Bir de sakın ama sakın “Para önemli değil biz müslümanız gönlünden ne koparsa ver” lafına kanmayın. En çok bununla geçiriyorlar. Gönlünden kopanı verince “5 daha ver” “10 daha ver” diye parça parça yoluyorlar.
Ülkenin ve şehirlerin genel yapısına gelince. Bir kere her yer ya inşaat halinde, ya yıkılmak üzere terkedilmiş ya da alt kata inanılmaz özenle motiflerle başlanıp üst katta sadece sıva ile bırakılmış binalarla dolu. Para oldukça, biraz yapıp sonra bitince olduğu gibi bırakıyorlarmış. Ne zaman ellerine biraz daha para geçti o zaman kaldıkları yerden devam ediyorlarmış. Genelde sokaklar tozlu ve şişe ambalaj atıkları ile dolu. Kimsenin aklına süpürmek gelmemiş sanki.
Arabalar genelde her tarafından çarpılmış, yamulmuş ama yaptırılmamış. Neredeyse bütün arabalar eski ve yamuk. Sonra trafikte sebebi anlaşılıyor. Evet bir takım kurallar konmuş ama aynı Türkiye gibi kimse üzerine alınmıyor. Her yerden yer yere giren çıkan yandakini sıkıştıran arabalar var.
Oteller de eğer yeni yapılmamışsa bina olarak ya boyası dökülmüş, ya eşyası kırık ama idareten tutturulmuş, ya fayansında sıvalar kazınmamış böyle tam tarif edilemeyen bir durumda. Temiz olmasına temiz ama detaylar hep pas geçilmiş. Fakat personel süperdi. Son derece saygılı, temiz ve çalışkanlar.

Gelelim en takıldığım konuya. Din ve dindarların durumu. Yazılarımdan da anlamışsınızdır. Ben inanan / bilen bir müslümanım. Ama şunu tekrar anladım ki yer yüzündeki müslümanlarla aynı dinden değilim. Ne demek bu? Mevcut uygulanan dinin Kuran’a tamamen zıt hatta yasaklanan bir din olduğunu görüyor ve geleneklerle hurafelerle dolu bu anlayışı red ediyorum.

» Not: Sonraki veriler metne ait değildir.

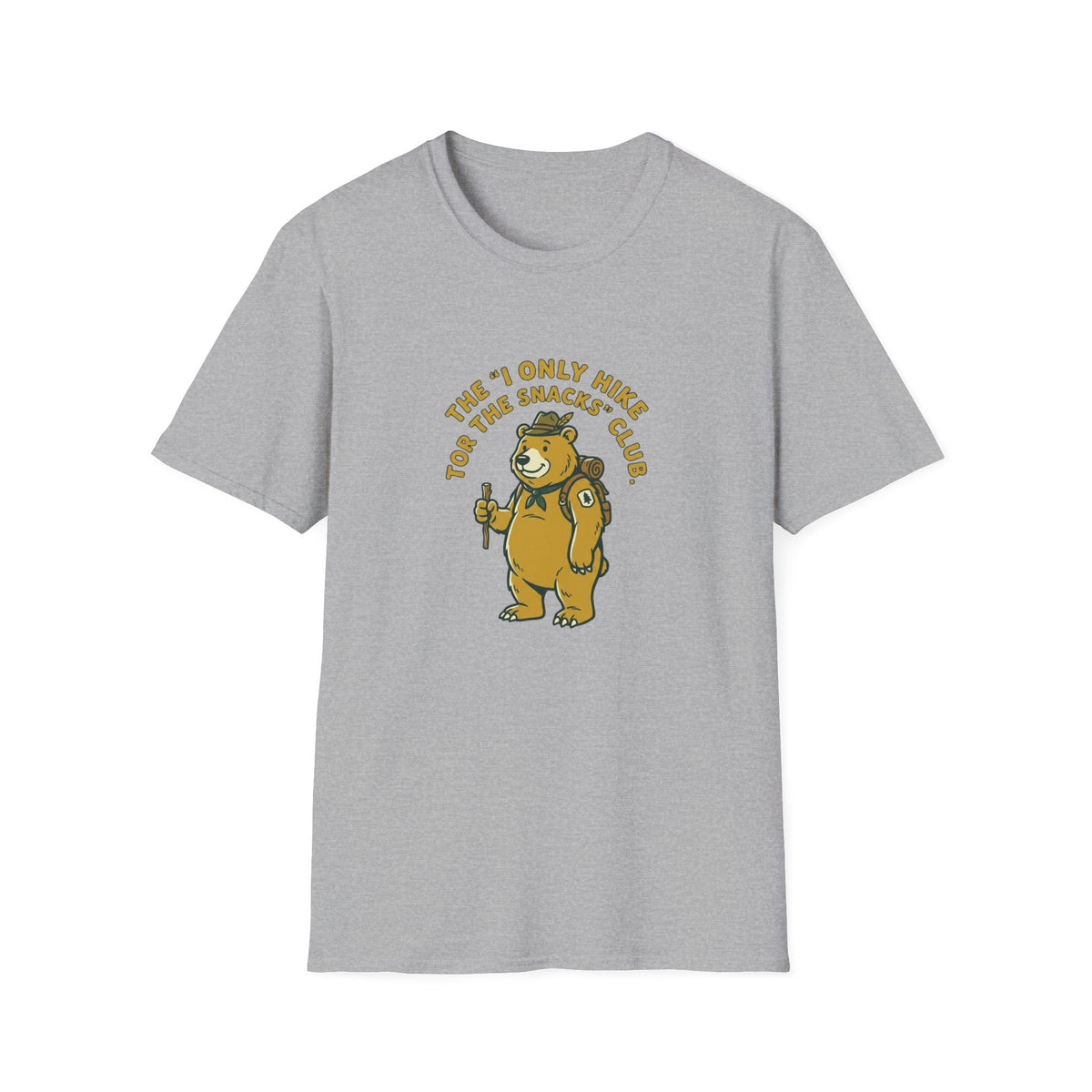 Hiker Bear T-Shirt — “The I Only Hike for the Snacks Club” Funny Outdoor Tee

Gezi sırasında nedense bizi bir türbeye ve buraların en büyük camilerinden birine götürdüler. Çıldırmamak elde değildi. Türbe’de yatan peygamberin bir arkadaşı imiş. Ben bu zatı tanımıyorum ama peygamberin kendisi bile olsa farketmez. Önce türbenin içine müslüman olmayanların giremeyeceğini söyleyip turun biz hariç geri kalan yolcularını engellediler. Türbe için çok da umurumda değildi bu durum ama gördüklerimden sonra keşke ben de girmeseydim dedim. İçeride resmen alenen yatırdan bir şeyler isteyip isteklerinin karşılığında yatıra karşı secde eden insanlar vardı. Benim okuduğum anladığım dinde bu alenen affedilmeyecek tek günah olarak yazmasına rağmen hem de.
Camide durum daha da ilginçleşti. İçeri yine müslüman olmayanları almadılar, kadınların da başlarının örtülü olmasını istediler. İçeri almamalarına geleceğim ama bir kadının başörtüsü olmasına ragmen bir de üzerlerini tamamen kapatan uzun bir üstlük ile anca izin vereceklerini söylemelerine dayanamadım. Yahu madem cami Allahın evi (ki öyle bir durum da yok ya neyse) sen kim oluyorsun da insanların içeri girmesine engel olabiliyorsun. Belki içeri giren birisi bir şeyden etkilenecek, bir şeyden ilham alacak ve doğru yolu bulacak. Buna engel olmak ne demek? Müslüman bir kadının ne kadar kapalı olması gerektiğine dair ölçün nedir? Böyle davranarak sadece insanları islamdan soğutursun. Gayri müslümleri demiyorum. Müslümanları dahi dinden soğutan bir davranış bu.
Kısaca bu tip müslümanların daha çoook uzun bir süre düzelemeyeceklerini görüyorum. Umarım yeni nesil daha çok sorgular ve gerçeğe daha çok yaklaşır.
Bir müddettir sıcak ve güneşli bir iklimde bir ülkeye taşınma fikri var kafamda. O yüzden de gittiğim yerlere biraz da tartarak bakıyorum. Bu geziden öğrendiğim şey, asla bir müslüman, arap veya ortadoğu ülkesinde rahat edemeyeceğim.